[Dataset records]

◇ ◇ ◇

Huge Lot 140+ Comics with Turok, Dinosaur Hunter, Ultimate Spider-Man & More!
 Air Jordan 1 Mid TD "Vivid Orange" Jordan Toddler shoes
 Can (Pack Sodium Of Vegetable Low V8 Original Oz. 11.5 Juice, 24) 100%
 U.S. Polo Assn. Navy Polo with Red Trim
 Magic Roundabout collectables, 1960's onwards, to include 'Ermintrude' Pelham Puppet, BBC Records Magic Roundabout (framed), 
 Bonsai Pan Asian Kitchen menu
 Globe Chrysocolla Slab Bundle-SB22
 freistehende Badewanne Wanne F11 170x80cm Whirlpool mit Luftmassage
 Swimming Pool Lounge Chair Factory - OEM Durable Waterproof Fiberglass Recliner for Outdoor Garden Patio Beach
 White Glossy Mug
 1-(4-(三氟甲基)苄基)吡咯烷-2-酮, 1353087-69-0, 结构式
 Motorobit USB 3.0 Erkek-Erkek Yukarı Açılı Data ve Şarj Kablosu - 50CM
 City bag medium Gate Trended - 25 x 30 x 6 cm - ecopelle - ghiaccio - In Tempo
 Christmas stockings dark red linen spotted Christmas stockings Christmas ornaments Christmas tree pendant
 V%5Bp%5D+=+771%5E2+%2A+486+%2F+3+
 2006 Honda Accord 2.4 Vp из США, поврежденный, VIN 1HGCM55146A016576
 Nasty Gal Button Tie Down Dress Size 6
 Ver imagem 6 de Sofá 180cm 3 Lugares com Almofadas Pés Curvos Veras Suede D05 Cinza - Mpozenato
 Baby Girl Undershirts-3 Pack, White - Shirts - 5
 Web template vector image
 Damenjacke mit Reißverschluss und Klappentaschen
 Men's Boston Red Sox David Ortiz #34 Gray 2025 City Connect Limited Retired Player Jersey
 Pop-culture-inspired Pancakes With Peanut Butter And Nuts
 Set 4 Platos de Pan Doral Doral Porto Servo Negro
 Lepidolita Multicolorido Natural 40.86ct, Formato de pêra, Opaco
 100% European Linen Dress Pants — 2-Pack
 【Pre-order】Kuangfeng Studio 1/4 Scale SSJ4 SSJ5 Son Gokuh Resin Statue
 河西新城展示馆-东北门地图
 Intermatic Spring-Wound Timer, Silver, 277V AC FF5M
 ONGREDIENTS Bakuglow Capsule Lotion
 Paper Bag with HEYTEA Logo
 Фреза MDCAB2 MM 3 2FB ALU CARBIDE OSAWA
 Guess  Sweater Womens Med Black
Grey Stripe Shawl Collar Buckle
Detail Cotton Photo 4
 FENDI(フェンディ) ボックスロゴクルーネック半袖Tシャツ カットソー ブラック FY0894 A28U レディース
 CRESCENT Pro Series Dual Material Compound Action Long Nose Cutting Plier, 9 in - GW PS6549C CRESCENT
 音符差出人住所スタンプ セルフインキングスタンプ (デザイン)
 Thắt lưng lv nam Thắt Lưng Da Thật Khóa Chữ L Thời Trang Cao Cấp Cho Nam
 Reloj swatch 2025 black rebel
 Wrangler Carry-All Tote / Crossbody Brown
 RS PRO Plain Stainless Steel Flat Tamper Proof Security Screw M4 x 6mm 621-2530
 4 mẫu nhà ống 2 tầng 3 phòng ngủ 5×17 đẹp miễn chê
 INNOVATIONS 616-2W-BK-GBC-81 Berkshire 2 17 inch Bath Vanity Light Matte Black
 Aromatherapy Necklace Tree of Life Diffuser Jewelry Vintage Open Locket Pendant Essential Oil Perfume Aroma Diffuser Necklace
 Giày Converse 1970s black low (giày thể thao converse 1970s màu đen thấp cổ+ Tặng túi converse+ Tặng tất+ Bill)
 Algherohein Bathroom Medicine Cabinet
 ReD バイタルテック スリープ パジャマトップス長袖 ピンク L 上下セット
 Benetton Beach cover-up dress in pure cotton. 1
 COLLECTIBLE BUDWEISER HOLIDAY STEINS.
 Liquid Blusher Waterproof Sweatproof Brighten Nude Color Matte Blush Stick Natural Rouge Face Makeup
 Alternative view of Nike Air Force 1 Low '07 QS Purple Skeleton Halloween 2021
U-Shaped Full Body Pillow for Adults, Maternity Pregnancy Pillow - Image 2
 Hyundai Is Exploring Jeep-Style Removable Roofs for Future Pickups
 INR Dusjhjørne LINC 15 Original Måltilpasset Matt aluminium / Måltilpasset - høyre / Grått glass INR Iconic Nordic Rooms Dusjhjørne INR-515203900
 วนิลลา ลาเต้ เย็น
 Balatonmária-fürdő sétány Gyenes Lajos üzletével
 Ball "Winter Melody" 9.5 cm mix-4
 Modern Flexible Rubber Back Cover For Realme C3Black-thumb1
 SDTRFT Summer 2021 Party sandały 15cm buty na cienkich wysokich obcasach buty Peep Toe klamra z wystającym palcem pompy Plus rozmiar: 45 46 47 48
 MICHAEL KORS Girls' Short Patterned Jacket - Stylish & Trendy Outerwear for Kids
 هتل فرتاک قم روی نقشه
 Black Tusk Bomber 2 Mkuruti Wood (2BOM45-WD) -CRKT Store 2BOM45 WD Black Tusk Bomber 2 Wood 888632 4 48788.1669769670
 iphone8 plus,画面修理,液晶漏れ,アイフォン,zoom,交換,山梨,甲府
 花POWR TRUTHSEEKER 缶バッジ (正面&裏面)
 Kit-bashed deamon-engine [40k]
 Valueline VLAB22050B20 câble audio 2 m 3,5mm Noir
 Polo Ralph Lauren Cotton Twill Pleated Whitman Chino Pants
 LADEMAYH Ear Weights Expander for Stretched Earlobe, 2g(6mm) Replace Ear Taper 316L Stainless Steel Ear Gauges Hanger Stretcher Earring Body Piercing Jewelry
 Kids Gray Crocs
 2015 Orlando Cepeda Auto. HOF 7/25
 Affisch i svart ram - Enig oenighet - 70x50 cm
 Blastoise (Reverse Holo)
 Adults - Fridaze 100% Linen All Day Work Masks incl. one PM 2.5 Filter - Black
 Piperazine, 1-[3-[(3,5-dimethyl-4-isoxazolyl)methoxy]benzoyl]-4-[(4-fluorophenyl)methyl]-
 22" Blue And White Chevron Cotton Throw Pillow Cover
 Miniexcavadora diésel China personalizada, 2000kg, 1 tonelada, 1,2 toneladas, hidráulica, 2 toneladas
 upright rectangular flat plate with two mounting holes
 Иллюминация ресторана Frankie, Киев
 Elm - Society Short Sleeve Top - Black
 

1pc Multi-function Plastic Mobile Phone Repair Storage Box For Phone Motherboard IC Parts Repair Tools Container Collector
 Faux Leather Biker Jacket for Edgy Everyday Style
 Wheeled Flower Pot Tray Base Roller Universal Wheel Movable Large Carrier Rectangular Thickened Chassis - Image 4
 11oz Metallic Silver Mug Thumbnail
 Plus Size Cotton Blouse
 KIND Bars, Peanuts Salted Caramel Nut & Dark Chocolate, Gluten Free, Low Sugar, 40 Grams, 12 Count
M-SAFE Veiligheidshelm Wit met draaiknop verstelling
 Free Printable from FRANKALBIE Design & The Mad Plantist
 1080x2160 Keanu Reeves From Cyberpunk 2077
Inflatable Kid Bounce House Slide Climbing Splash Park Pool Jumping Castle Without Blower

◇ ◇ ◇

* About this exercise *
Across the entries, each line containing the word "Silver" is to be counted once; the total alone is to be given.

* Response to the exercise *
2